Only one show (3rd District) was 100% digital. The rest were either black and white fiber prints or color prints created in an analog darkroom. All shows were worth the effort it took to visit the galleries.

START: (11:00am)

1. ERIC (in a group show) at the Shinjuku Nikon Salon

2. Masahito Agake at 3rd District Gallery

3. Naoki Sekiguchi at Totem Pole Photo Gallery

4. Tetsu Iida workshop group show at Roonee

5. Masafumi Tatemata at Gallery Niepce

Tatemata’s show was of his excellent medium format work in Mongolia.

6. Some Flickr fellows at Place M

7. Aya Okabe at Sokyusha (2:30pm)

Then I hopped the Marunouchi line to Minami-Asagaya.

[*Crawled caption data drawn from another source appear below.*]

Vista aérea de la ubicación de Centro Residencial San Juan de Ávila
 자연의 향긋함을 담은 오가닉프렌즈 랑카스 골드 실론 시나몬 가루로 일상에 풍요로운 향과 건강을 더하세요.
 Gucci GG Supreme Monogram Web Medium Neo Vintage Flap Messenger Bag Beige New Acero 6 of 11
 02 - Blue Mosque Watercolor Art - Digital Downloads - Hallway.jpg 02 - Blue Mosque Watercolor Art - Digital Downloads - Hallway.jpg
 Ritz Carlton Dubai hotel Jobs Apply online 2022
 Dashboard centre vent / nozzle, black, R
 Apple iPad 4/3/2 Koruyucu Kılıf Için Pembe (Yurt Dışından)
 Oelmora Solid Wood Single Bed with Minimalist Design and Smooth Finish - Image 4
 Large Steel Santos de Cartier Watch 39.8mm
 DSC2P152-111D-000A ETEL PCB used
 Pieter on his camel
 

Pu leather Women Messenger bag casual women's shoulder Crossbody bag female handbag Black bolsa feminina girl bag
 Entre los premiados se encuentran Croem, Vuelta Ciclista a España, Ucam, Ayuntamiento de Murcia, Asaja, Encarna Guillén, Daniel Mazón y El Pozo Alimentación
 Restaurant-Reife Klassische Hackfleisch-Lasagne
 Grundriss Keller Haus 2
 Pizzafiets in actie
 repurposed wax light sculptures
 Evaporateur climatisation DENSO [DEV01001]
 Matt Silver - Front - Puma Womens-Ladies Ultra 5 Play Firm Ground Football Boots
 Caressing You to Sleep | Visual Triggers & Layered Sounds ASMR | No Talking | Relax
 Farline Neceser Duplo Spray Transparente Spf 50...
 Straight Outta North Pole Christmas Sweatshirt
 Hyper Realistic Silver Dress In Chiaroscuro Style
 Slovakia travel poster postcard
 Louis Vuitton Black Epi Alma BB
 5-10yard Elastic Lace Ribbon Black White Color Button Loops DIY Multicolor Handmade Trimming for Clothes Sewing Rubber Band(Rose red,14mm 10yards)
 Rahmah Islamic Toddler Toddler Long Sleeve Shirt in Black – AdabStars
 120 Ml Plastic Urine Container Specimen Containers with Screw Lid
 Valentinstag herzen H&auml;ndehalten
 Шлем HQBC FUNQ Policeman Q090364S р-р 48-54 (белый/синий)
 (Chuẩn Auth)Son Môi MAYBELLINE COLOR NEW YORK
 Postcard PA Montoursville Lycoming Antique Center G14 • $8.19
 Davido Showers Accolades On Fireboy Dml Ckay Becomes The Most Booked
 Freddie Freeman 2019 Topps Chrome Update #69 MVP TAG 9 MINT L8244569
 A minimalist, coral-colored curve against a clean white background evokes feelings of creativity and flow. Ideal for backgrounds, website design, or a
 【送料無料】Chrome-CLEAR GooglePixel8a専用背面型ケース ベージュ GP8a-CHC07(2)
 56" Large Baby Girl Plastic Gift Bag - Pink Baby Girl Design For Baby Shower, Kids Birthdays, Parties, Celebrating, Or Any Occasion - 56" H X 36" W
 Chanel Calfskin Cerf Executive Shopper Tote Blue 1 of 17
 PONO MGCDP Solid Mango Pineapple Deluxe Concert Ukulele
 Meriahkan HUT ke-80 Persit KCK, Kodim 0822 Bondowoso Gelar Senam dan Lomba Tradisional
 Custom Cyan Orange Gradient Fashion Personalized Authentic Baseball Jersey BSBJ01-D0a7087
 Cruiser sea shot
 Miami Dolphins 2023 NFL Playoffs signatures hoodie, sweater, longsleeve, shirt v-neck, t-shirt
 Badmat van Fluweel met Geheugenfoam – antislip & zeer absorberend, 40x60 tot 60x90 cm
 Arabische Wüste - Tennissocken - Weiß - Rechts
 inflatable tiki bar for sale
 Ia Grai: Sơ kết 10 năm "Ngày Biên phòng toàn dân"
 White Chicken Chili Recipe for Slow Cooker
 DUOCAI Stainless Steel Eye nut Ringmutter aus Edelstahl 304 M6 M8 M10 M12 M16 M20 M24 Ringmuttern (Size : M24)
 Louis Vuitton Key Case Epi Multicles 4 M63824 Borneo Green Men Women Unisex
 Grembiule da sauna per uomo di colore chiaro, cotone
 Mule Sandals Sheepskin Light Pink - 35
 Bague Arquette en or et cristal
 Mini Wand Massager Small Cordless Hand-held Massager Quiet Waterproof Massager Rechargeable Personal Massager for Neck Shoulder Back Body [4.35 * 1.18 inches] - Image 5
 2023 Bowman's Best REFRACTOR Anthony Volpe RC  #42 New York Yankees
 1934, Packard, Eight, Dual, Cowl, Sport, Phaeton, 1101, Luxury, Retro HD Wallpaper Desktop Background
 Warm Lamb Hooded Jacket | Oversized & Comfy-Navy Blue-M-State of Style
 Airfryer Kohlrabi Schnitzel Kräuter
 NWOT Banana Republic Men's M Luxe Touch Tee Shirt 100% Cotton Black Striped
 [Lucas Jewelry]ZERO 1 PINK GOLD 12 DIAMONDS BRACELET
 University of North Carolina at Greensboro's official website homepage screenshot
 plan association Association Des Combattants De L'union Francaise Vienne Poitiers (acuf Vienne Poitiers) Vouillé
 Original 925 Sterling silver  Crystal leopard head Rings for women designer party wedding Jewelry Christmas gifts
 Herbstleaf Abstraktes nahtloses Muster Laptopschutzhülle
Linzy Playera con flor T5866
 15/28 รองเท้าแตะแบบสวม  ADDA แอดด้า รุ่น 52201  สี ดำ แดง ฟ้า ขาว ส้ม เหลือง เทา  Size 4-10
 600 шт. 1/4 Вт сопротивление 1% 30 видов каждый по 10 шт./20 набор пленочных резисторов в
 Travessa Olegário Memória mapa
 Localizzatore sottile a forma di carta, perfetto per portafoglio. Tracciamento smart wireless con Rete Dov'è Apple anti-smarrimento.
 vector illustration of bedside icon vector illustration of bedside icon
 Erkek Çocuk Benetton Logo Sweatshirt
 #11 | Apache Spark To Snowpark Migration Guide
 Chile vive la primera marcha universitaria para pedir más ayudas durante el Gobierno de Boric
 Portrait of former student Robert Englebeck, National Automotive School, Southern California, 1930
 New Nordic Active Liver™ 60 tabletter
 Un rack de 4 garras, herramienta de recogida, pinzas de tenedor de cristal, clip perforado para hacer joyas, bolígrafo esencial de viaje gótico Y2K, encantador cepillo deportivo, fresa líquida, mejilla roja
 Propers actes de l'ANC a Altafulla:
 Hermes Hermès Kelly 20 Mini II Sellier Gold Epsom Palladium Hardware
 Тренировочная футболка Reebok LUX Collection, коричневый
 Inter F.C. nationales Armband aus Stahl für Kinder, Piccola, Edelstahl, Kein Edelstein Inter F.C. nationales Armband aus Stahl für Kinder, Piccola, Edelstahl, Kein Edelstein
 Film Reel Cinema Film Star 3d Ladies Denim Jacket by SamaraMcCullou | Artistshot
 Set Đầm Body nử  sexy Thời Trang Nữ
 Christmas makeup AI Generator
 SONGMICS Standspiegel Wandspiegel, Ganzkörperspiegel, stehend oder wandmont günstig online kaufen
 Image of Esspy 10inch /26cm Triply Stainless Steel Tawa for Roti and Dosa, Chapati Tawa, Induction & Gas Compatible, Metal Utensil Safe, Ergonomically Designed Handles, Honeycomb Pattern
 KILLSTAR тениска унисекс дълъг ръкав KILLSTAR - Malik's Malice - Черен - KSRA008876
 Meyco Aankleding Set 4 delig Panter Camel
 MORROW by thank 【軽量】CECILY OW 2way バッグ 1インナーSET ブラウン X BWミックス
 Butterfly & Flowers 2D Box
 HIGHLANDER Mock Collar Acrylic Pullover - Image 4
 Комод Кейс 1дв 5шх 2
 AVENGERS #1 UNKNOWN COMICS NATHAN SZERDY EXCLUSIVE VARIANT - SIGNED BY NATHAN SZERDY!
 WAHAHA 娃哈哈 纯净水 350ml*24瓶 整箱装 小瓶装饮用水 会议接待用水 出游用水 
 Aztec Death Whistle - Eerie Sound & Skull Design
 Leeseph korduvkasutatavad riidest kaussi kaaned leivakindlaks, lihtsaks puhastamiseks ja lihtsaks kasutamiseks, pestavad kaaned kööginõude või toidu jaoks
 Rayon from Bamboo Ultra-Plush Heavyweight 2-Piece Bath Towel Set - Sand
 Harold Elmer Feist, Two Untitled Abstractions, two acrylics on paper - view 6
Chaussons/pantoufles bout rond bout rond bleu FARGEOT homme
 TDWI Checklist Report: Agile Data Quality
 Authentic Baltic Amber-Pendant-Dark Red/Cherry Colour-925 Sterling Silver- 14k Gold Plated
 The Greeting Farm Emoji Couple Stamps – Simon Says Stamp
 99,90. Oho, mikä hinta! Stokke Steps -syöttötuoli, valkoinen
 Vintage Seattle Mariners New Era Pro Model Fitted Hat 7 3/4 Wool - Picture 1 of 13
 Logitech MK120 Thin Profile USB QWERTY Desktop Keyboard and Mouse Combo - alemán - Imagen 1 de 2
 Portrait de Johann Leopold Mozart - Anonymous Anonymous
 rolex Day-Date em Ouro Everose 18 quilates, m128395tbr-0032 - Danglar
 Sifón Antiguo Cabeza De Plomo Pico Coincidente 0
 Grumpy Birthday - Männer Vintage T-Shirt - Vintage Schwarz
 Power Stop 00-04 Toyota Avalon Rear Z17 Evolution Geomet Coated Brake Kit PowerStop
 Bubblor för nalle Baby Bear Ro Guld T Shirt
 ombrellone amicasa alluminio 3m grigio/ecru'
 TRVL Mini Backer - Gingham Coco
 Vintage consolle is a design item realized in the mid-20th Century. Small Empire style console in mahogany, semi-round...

8. Haruna Sato at Gallery Kaido Ribon

9. Tomomi Matsutani at Gallery Kaido Ribon

Then back on the Marunouchi line to Ginza…

10. Issei Suda at the Ginza Nikon Salon.

and then a short walk over to Hibiya-

11. Nobuyoshi Araki at Takahashi Collection Hibiya.

Over the past 6 years I’ve been able to visit nearly a dozen of Araki’s shows and Love Supreme was one of the cleanest in execution and curation. Cleanliness in this case being that which concerns the overall flow of the show and not necessarily that of photographic subject matter. When combining a large gallery space with flat photographs mounted on the wall, a feeling of sparseness becomes an issue. This might not be a bad thing. The smallest of his images are merely 10″x12″ prints, while the others are a meter and a half wide or tall, depending on their orientation. At a comfortable viewing distance he spacing between each object allows one to neatly focus on what they have in front of them without distractions from neighboring work.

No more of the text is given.